Choć Gilroy nie zdradził, czy chodzi o film kinowy czy serial Disney+, fakt, że Lucasfilm pracuje nad horrorem, to nowy, zaskakujący kierunek dla marki – szczególnie, że Andor był chwalony właśnie za poważniejszy, dojrzały ton.

Czy będzie to opowieść o Sithach? A może „Star Wars zombie”? Nie byłoby to bez precedensu: w książkach takie wątki już istnieją, m.in. w powieści Death Troopers Joe Schriebera – o wirusie, który reanimuje martwych szturmowców. Inna, Red Harvest, opowiada o pochodzeniu zarazy w Akademii Sithów. A dla młodszych czytelników był cykl Galaxy of Fearczyli dosłownie Goosebumps w świecie Gwiezdnych wojen.
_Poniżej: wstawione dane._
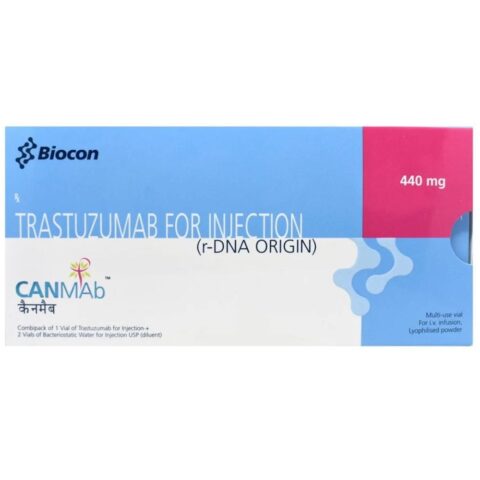 Canmab 440 mg Injection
Na ten moment Lucasfilm ma w produkcji jedynie drugi sezon Ahsoki i nadchodzący sezon 2 Andora (premiera już 22 kwietnia, pierwsze trzy odcinki na start), więc nowy horrorowy projekt mógłby idealnie uzupełnić ofertę – świeży gatunkowo, mroczny i nieoczywisty.

A jeśli mają odwagę eksplorować Mroczną Stronę tak, jak należy – to niech będą zombie, Sithowie i mrok. W końcu „Gwiezdne wojny” to nie tylko nadzieja i rebelia – to też strach przed tym, co kryje się w cieniu Mocy.